═════ Input ═════

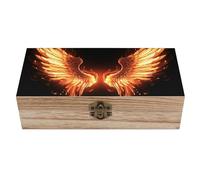 ERSTSNCK Fire Angle Wings Wooden Storage Box Elegant Retro Jewelry Box with Hinged Lid Decorative Keepsake Boxes Decor Handmade Organizer Boxes for Wedding, Party, Gift, Diy Craft, Home Decor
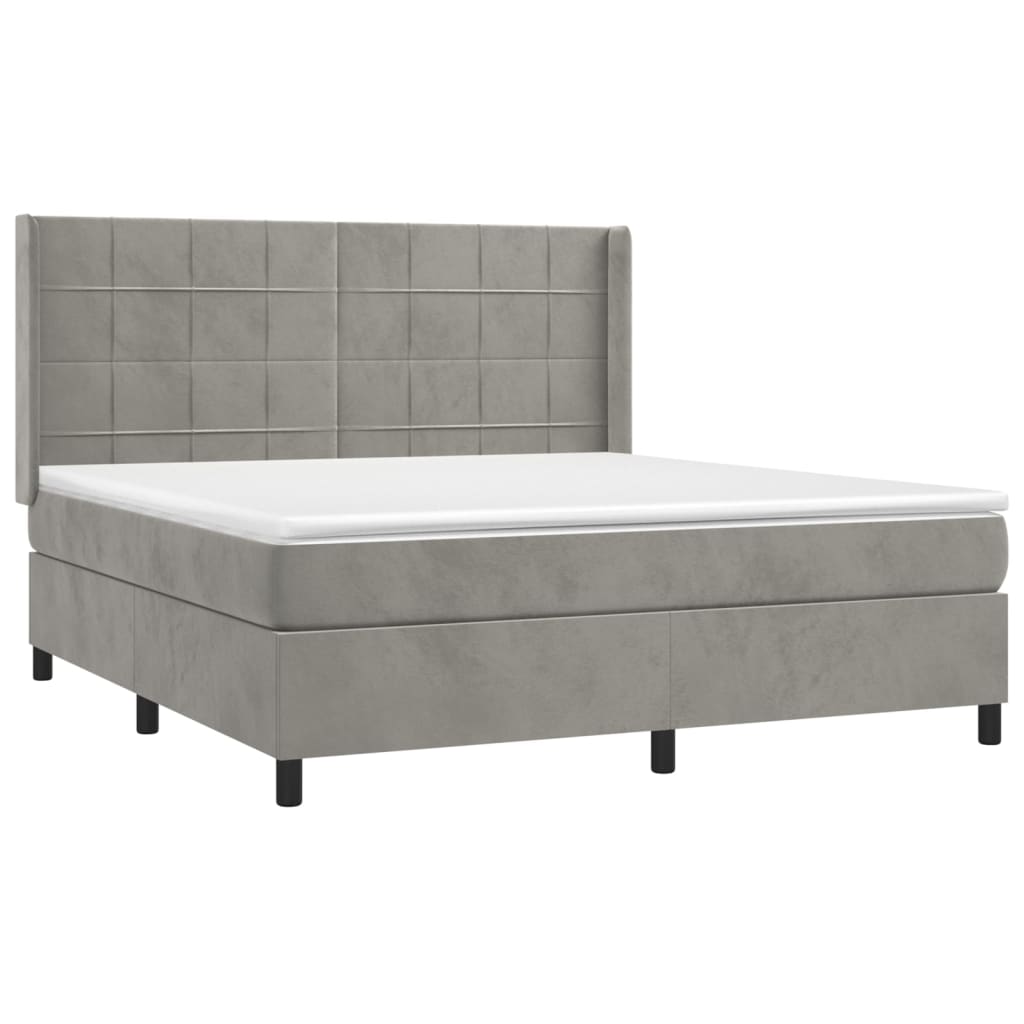 vidaXL Boxspring met matras fluweel lichtgrijs 180x200 cm afbeelding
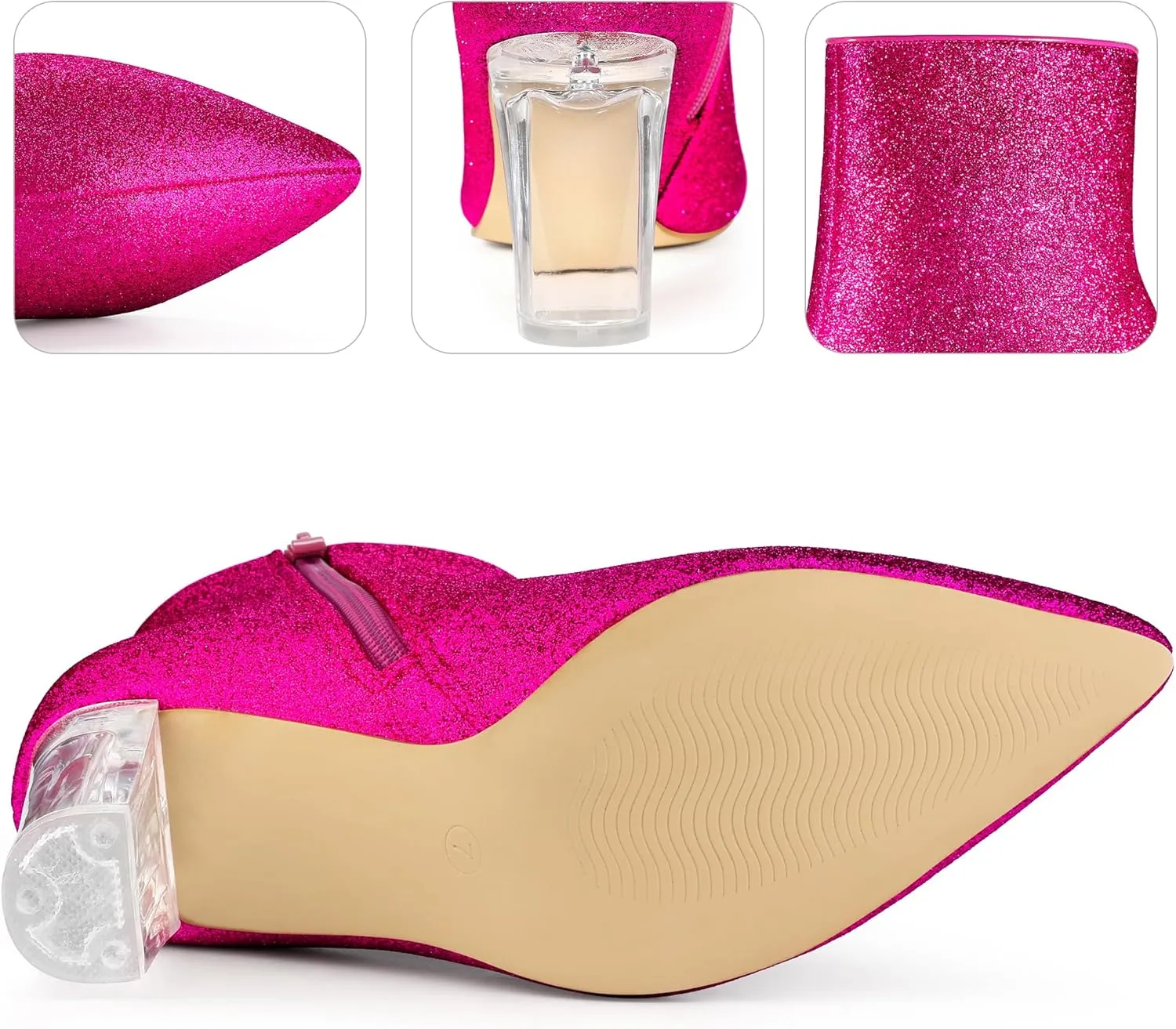 Perphy Clear Heel Sparkly Glitter Block Heels Ankle Boots for Women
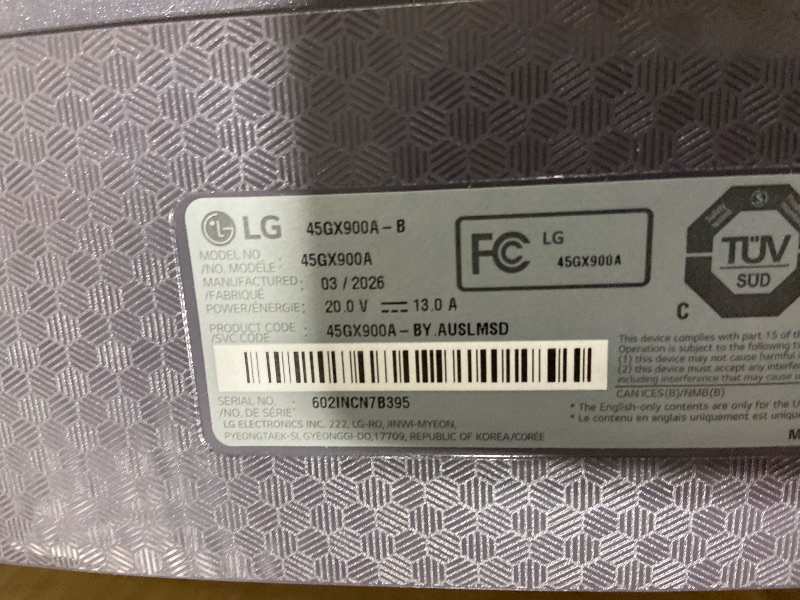 Photo 1 of FOR PARTS, DOES NOT FUNCTION ***********LG 45GX900A-B 45-Inch Ultragear WQHD (3440 x 1440) OLED Curved Gaming Monitor, 240Hz, 0.03ms, NVIDIA G-Sync, VESA DisplayHDR True Black 400, HDMI 2.1, DisplayPort, USB Type-C PD 65W, Black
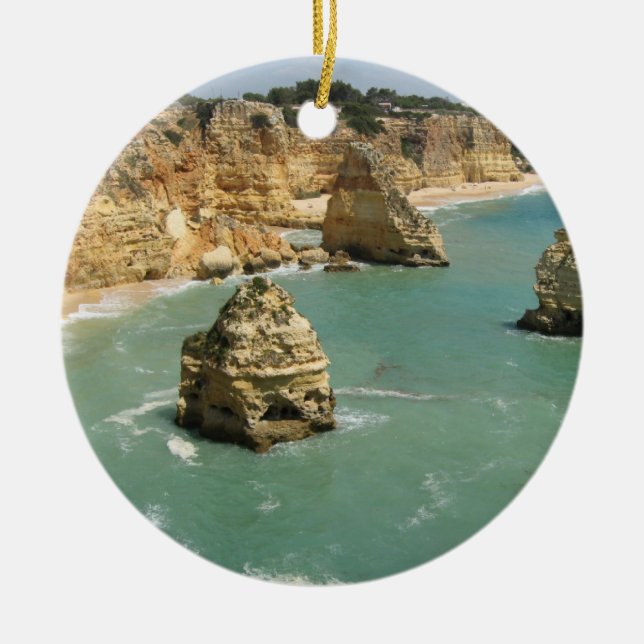 Algarve, Portugal, Benagil Strand und Felsen Keramik Ornament (Vorne)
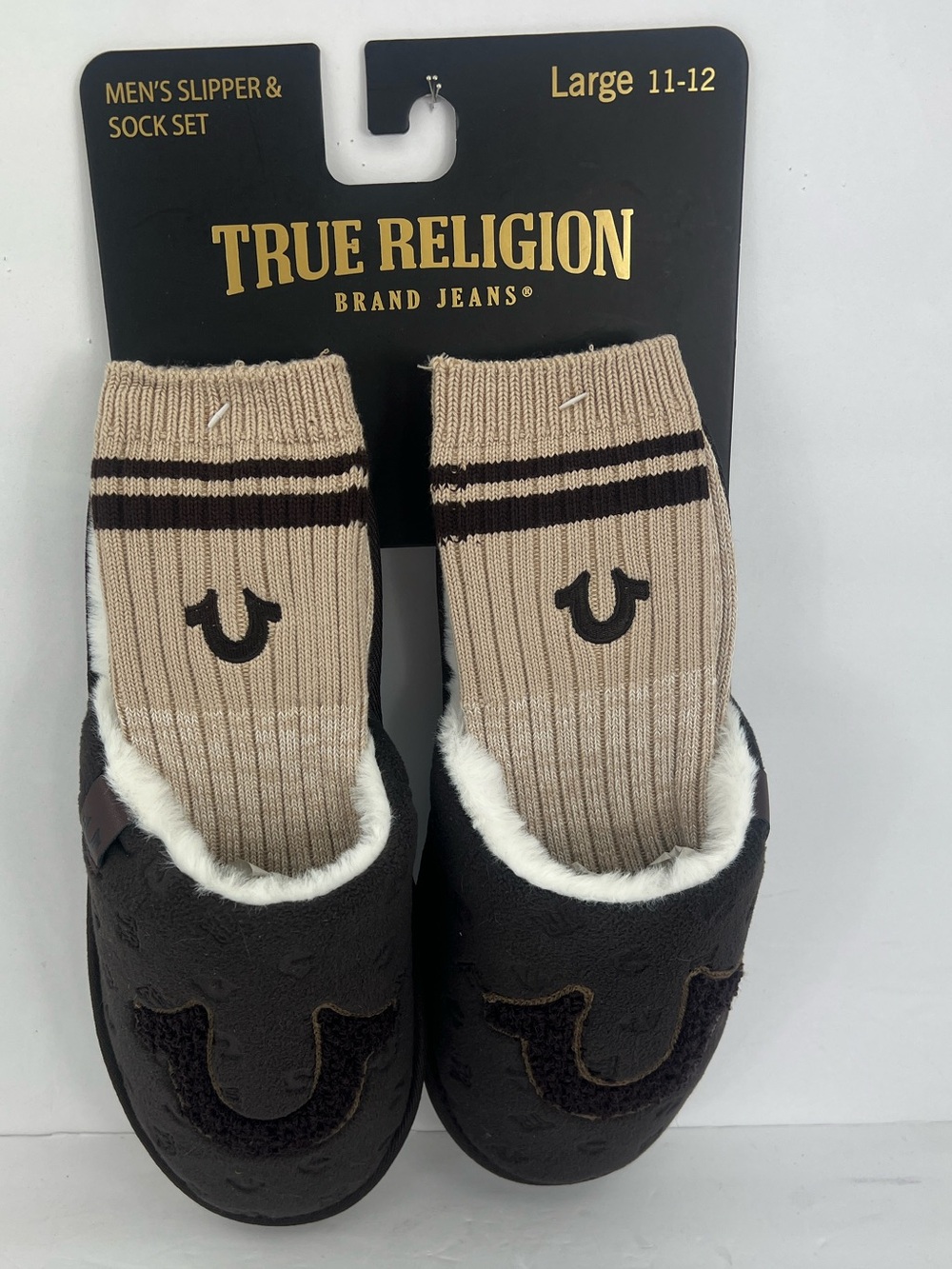 TRUE RELIGION HORSESHOE HOUSE SLIPPERS & MATCHING SOCKS BROWN SIZE LARGE 11-12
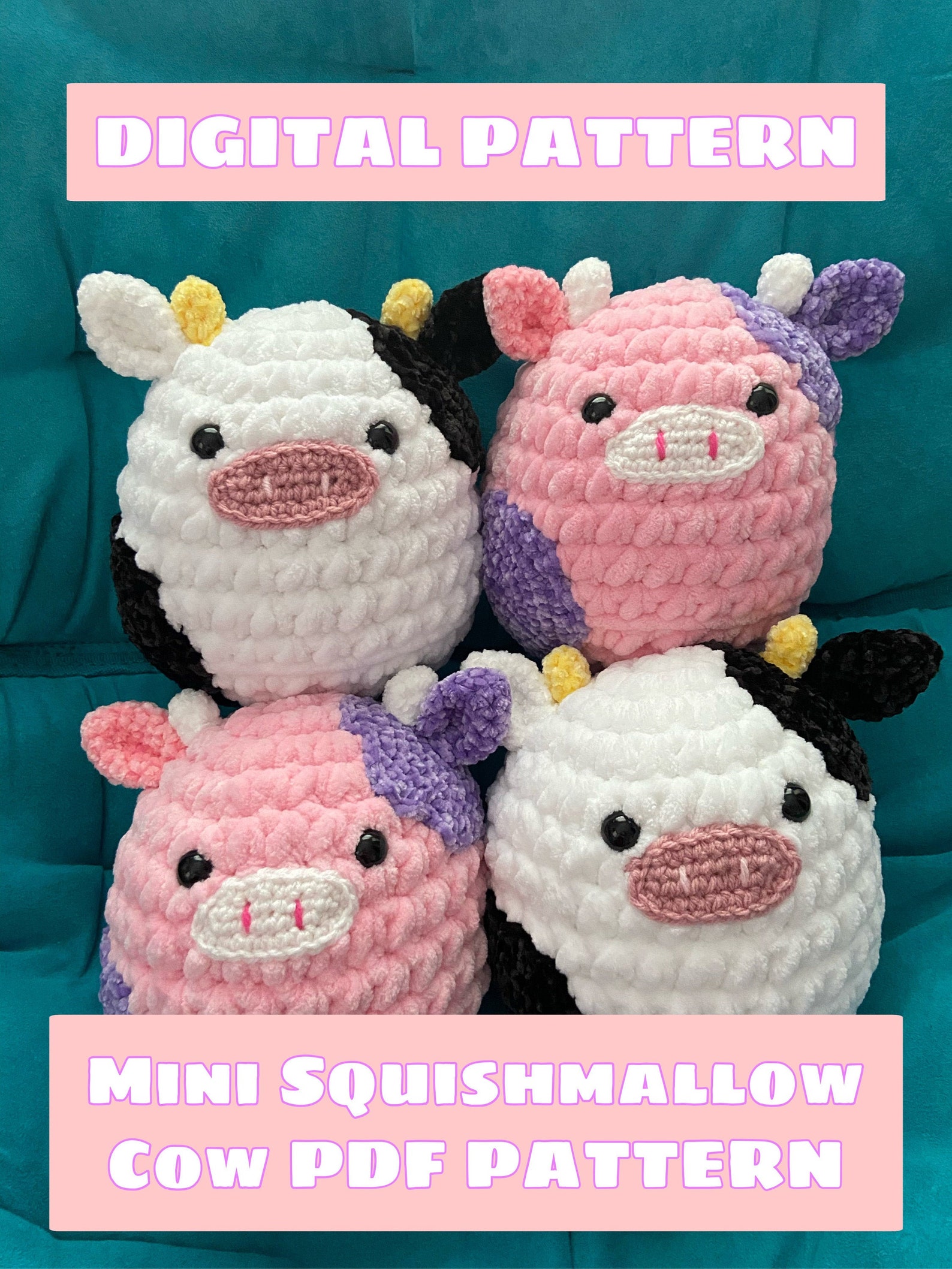 Mini Crochet Squishmallow Cow PDF PATTERN Etsy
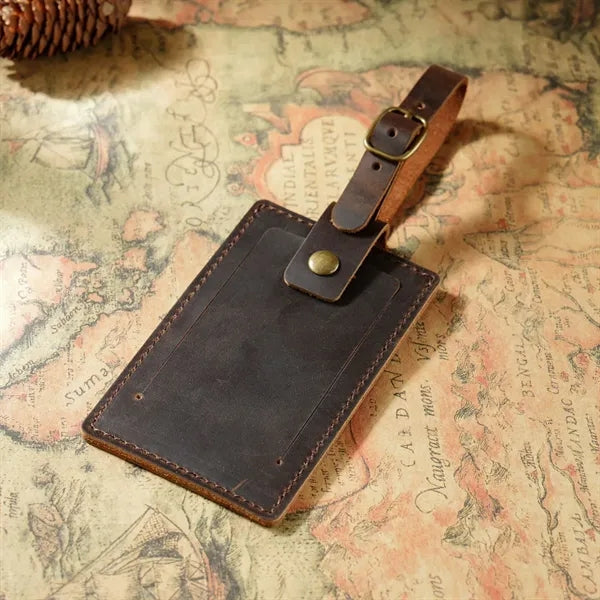 Full-Grain Leather Luggage Tag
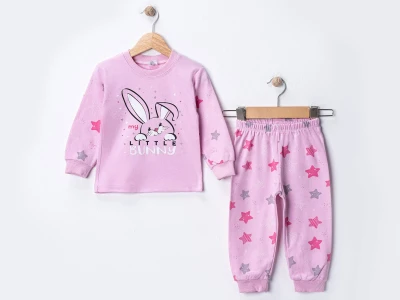 Toptan SÜPERMİNİ  Tavşan Baskılı Kız Bebe Pijama Takım PEMBE - Beniz Bebe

═════

**Exercise goal:** All of the entries above are to be written out exactly, with no pictures.

**Problem solution:**
 ERSTSNCK Fire Angle Wings Wooden Storage Box Elegant Retro Jewelry Box with Hinged Lid Decorative Keepsake Boxes Decor Handmade Organizer Boxes for Wedding, Party, Gift, Diy Craft, Home Decor
 vidaXL Boxspring met matras fluweel lichtgrijs 180x200 cm afbeelding
 Perphy Clear Heel Sparkly Glitter Block Heels Ankle Boots for Women
 Photo 1 of FOR PARTS, DOES NOT FUNCTION ***********LG 45GX900A-B 45-Inch Ultragear WQHD (3440 x 1440) OLED Curved Gaming Monitor, 240Hz, 0.03ms, NVIDIA G-Sync, VESA DisplayHDR True Black 400, HDMI 2.1, DisplayPort, USB Type-C PD 65W, Black
 Algarve, Portugal, Benagil Strand und Felsen Keramik Ornament (Vorne)
 TRUE RELIGION HORSESHOE HOUSE SLIPPERS & MATCHING SOCKS BROWN SIZE LARGE 11-12
 Mini Crochet Squishmallow Cow PDF PATTERN Etsy
 Full-Grain Leather Luggage Tag
 Toptan SÜPERMİNİ  Tavşan Baskılı Kız Bebe Pijama Takım PEMBE - Beniz Bebe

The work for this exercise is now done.